You do your part by not demanding absolutes from me. I'll do my part by expanding my horizons. You do your part by, no, not LOWERING YOUR EXPECTATIONS, but assigning your inevitable predictions and mind-readings a lower priority than present indulgence and bliss. I'll do my part by showing you a damn good time. You do your part by offering me comfort and stability. I'll do my part by showing some respect and appreciation. Needless to say, the instant YOU need comfort and stability, I've got it for you in royal spades. ‘Cause I love you. Too much to quantify.
Euclid wasn’t the sort of man to give a fuck about your microscopic problems or mundane sense of dissatisfaction. Rather: He was the sort of man that took great care to APPEAR to care about you. He was priest, psychoanalyst, handyman, mechanic, philosopher, pal and all around nuisance to anyone about. And knew it. And defined himself as such. He saw things through an overhead surveillance system that played back, again and again, his every kind word and display of support. He saw your annoyed disdain ripen to grateful warmth as he comforted you. That made all his bullshit worthwhile.
Sleek. Sassy. Spiced to bits. Loopy. Punchy. Lively. All this and more. An ice cold six pack of sex appeal. The new standard. Wild. Whirly. Out there. Full-on ALIVE. True. Ruthless. Frothy. With cannons ablaze. Timely. Timeless. Not fanciful, simply fancy. Made the grade in our offices. Like watching an acorn sink slowly to the bottom of the sea. Poetic. Prophetic. Cuts through encrusted bullshit much better than before. As it’s improved. Enough hot wax for a candlelight vigil for 2Pac, Biggie, Eazy, Big Pun AND Roger Troutman. Foxy. Raw. Homicidal. The gin in the tonic or the orange juice.

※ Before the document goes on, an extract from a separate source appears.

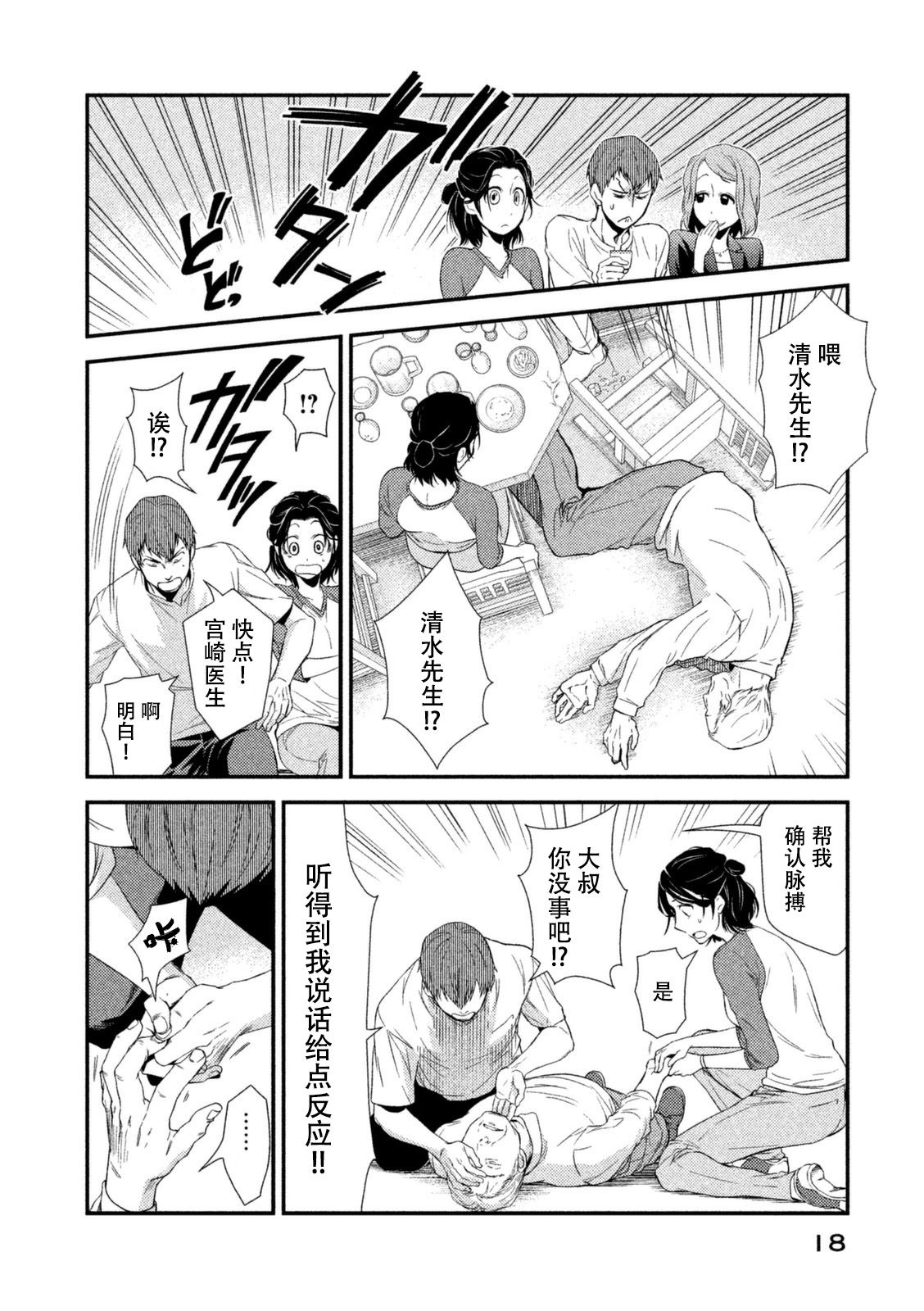 Fragile病理医生岸京一郎之所见韩漫全集-第05话无删减无遮挡章节图片 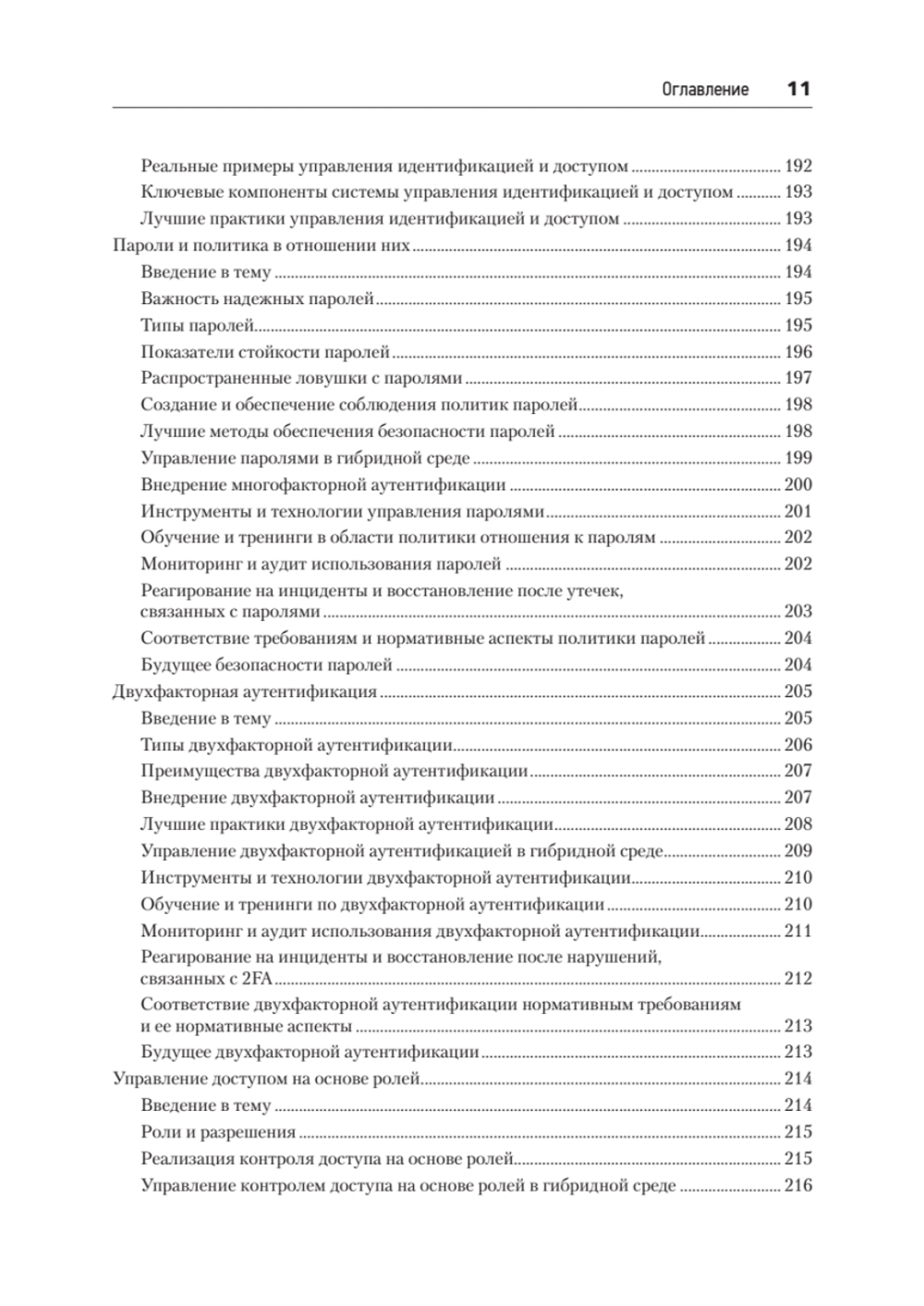 Киберкрепость: всестороннее руководство по компьютерной безопасности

Headlights on high beam. Creepy oldies in the dash. Rotgut rest stop coffee still too hot to sip. Creepy oldie can’t completely drown out the ka thunk ka thunk ka thunk of the pavement, only muffle it. So few vehicles on the road, you’d think the unthinkable had happened a few hours ago, somewhere, and was keeping them glued to the tube. It starts to drizzle. After fourteen thunks, it starts to rain. Two lights emerge from the vanishing point. I cut my beams, and leave the lights down, as a fog has just arisen from the worms’ unthought regrets.